Lucky is a pangolin -- a rare, scale-covered mammal, about the size of a house cat, that’s so bizarre it almost forces your brain to flip through a Rolodex of more-familiar images.
It could be described as a walking pinecone or an artichoke with legs – a tiny dinosaur or friendly crocodile. The pangolin possesses none of the cachet of better-known animals that are hot on the international black market. It lacks the tiger’s grace, the rhino’s brute strength. If the pangolin went to high school, it would be the drama geek -- elusive, nocturnal, rarely appreciated and barely understood. When it's frightened, it actually curls up into a roly-poly ball.
The pangolin could go extinct before most people realize it exists. Or, more to the point: It could go extinct because of that. Pangolins -- two species of which are endangered and all of which are protected by international treaty -- are trafficked by the thousands for their scales, which are boiled off their bodies for use in traditional medicine; for their meat, which is a high-end delicacy here and in China; and for their blood, which is seen as a healing tonic.
"It's almost like, 'You've got a pangolin you've got a brown bag lunch -- and also a medicine chest,'" said Crawford Allan, director of TRAFFIC North America and a pangolin lover. (He's got a wooden carving of a pangolin in his office in Washington.)
The numbers are astounding. By the most conservative estimates, 10,000 pangolins are trafficked illegally each year. If you assume only 10% to 20% of the actual trade is reported by the news media, the true number trafficked over a two-year period was 116,990 to 233,980, according to Annamiticus, an advocacy group.
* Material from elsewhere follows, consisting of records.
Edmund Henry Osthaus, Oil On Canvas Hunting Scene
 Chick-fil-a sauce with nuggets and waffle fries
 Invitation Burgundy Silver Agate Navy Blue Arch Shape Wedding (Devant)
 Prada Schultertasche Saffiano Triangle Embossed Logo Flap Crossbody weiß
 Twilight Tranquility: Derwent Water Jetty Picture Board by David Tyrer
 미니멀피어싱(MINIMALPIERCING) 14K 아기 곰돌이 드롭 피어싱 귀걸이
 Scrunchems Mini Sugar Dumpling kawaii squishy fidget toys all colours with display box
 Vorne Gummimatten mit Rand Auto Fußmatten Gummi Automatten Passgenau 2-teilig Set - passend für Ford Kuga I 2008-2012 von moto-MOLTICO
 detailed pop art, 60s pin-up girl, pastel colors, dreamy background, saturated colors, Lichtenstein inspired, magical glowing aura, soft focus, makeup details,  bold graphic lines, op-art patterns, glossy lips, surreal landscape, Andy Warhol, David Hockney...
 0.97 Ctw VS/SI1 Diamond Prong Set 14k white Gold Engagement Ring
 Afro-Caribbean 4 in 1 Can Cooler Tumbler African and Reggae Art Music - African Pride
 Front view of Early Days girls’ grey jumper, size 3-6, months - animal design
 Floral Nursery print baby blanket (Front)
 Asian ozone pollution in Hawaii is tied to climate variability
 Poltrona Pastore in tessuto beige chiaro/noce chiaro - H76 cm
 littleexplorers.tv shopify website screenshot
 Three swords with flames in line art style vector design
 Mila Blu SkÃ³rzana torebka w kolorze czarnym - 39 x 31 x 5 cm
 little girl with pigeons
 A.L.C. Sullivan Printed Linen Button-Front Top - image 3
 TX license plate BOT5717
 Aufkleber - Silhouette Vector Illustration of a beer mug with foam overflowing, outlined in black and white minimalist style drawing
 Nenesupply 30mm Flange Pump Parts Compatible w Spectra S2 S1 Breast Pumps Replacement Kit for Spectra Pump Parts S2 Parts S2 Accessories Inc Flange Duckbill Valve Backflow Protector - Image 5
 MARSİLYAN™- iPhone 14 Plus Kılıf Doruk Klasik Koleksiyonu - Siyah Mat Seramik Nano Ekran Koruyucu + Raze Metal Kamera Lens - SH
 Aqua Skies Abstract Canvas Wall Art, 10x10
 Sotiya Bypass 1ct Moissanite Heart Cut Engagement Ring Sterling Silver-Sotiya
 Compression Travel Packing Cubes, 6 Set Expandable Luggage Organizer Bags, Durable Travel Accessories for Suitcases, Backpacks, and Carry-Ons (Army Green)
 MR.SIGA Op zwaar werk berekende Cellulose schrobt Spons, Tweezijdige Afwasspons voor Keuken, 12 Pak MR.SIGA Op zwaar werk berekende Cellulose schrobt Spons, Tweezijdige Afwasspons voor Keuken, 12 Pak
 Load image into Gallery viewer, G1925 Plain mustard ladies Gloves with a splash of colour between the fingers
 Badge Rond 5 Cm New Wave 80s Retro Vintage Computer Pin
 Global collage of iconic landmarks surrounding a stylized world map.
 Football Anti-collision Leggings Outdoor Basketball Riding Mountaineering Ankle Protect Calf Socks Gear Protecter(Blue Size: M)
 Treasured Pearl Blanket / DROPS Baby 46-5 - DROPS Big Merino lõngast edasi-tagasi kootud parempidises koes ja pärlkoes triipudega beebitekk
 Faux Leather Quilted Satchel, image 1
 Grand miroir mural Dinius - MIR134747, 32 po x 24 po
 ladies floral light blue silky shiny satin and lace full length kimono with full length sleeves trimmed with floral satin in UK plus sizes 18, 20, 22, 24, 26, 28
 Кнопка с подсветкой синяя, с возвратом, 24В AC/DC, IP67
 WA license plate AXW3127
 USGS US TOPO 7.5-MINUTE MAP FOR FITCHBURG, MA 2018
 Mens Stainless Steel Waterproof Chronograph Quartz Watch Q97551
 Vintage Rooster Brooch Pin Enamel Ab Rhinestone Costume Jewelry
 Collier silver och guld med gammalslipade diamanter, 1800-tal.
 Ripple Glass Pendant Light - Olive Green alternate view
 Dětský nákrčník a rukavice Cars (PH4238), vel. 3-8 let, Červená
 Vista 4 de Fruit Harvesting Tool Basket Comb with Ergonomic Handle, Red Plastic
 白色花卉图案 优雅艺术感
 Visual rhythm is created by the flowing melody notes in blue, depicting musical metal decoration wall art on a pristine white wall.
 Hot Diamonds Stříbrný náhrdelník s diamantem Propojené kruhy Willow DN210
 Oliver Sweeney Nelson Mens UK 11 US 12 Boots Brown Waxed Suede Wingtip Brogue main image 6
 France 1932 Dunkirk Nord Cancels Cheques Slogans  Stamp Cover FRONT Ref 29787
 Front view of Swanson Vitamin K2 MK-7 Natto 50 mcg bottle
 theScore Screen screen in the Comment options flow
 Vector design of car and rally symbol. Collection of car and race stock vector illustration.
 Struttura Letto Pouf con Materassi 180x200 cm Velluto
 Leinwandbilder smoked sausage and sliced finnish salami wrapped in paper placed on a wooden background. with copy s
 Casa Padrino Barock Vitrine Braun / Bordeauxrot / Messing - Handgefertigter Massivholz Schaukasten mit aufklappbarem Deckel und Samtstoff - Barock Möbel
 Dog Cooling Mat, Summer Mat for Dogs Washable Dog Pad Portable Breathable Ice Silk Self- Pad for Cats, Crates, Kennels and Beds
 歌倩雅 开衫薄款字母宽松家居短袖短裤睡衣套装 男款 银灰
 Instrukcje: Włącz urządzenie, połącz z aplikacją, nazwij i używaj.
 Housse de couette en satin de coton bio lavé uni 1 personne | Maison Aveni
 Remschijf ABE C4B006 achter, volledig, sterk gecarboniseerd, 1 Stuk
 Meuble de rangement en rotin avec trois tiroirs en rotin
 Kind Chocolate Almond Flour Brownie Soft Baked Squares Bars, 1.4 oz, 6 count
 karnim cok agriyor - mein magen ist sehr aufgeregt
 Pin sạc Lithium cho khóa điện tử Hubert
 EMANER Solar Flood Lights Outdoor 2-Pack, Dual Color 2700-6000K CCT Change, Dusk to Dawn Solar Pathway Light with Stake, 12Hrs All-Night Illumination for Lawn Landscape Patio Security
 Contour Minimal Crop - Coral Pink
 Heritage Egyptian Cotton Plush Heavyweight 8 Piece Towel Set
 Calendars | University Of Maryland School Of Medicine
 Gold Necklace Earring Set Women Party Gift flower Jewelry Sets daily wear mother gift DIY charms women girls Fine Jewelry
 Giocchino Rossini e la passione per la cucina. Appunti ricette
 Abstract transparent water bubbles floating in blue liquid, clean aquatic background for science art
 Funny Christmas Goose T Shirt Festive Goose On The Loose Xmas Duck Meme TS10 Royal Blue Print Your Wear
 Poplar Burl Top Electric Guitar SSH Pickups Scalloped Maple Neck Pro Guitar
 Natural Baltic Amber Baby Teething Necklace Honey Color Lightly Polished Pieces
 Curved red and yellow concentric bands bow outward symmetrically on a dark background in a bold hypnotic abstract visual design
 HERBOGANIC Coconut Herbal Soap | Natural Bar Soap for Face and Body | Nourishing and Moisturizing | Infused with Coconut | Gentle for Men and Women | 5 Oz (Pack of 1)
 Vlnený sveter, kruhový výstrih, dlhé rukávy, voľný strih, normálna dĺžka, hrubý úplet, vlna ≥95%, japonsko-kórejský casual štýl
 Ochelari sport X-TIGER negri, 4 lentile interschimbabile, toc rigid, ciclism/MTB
No one knows how many pangolins are left in the wild. But scientists and activists say the number is shrinking fast. Some experts say the pangolin is likely the most trafficked mammal in the world. It’s impossible to say for certain, of course, because poachers don’t exactly submit spreadsheets on their activities. But aside from pangolins, only elephants would come close to the most-trafficked title in terms of total numbers, said Dan Challender, co-chair of the pangolin specialist group at the International Union for Conservation of Nature and a Ph.D. candidate at the University of Kent.
Yet, few seem to care. International environmental groups and governments have been slow to fund pangolin research and rescue. You don’t see them on the cover of National Geographic. You rarely find them in marketing campaigns. On a two-week trip to Vietnam and Indonesia, I did come across a few pangolin enthusiasts who have dedicated their lives to saving these curious creatures.